Alright, alright. Since so many of you are playing along (YAY!) I should probably share mine. This is a slightly abbreviated version of my draft text (I get a whole half page, which is a little more than 250 words) – but now that I’ve written this shorter version, I think I actually like it better…
If I told you that I have an amazing science job working way up north in the Arctic, I bet you’d think I was studying huge polar bears. Actually, I’m there to study smaller animals that can survive the terrible cold and love the warmer summers: insects! In June, I pack my equipment and fly to different places in the Arctic. At the end of an exciting summer of exploring and trapping insects, I bring my bugs back south to my lab, and use books, microscopes and other tools to learn about them.
You might wonder why I study tiny bugs instead of big bears. For one thing, there are millions of insects, and they come in many wonderful colours, shapes, and sizes. Insects also have many jobs: they help plants grow, they are food for many birds and mammals, and some act as the Earth’s clean-up crew, eating things like dead leaves and even poop! Insects are very important.

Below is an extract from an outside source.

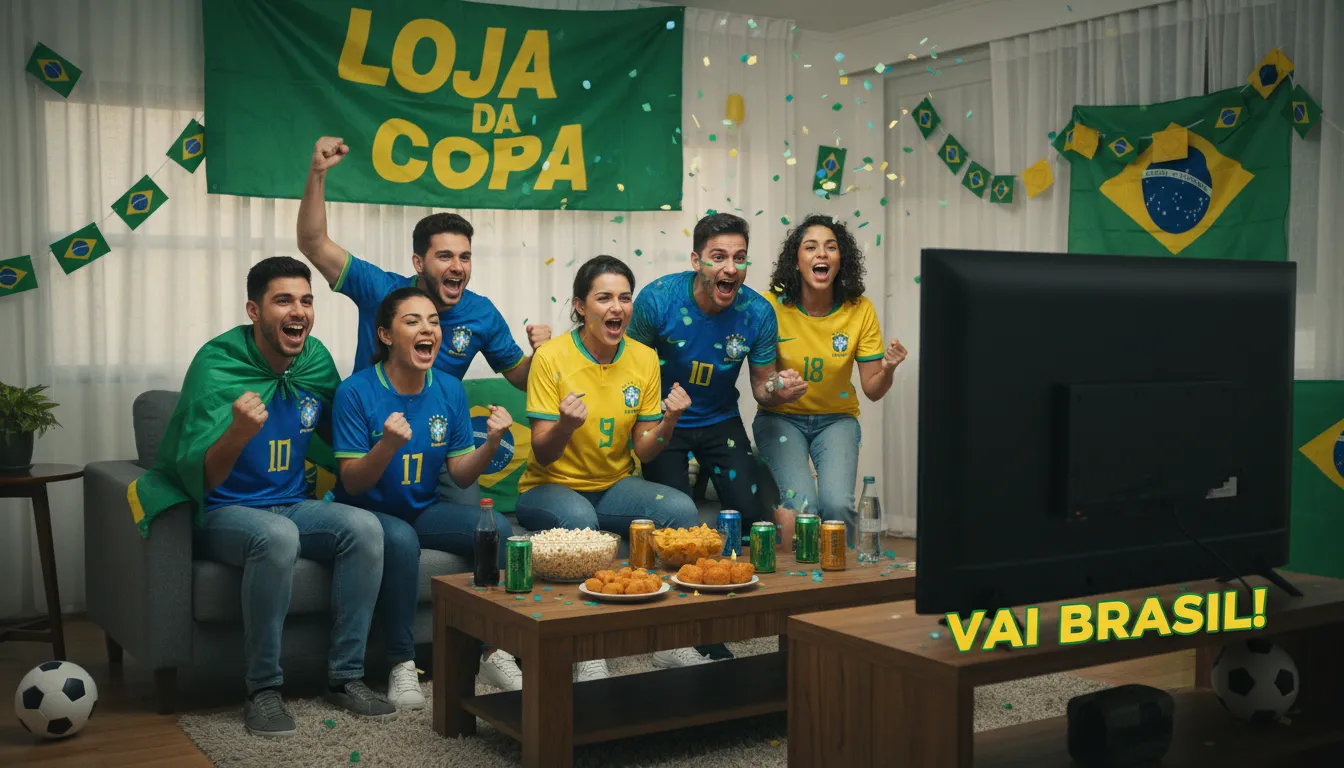 Amigos reunidos assistindo a um jogo, todos vestindo a camisa selecao brasileira, em uma sala decorada com motivos da Copa do Mundo.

You also might wonder why I go all the way to the chilly Arctic to trap insects, when there are so many right here in our own backyards. Well, insects can live almost anywhere, including important places that are very wet (like rivers), very hot (like deserts) or very cold (like in the Arctic). Did you know that insects can tell us if these places are healthy and happy? It’s true! When the environment changes too much, sometimes the insects move away or stop doing their jobs: this is a sign that the environment is not healthy, and that we need to watch it very closely. Some people are worried that the Arctic is not healthy because the planet is warming up. By learning about the insects there – who they are and what jobs they do – I will help figure out if this special part of Canada is healthy, and I will be better able to guess how the Arctic might look in the future.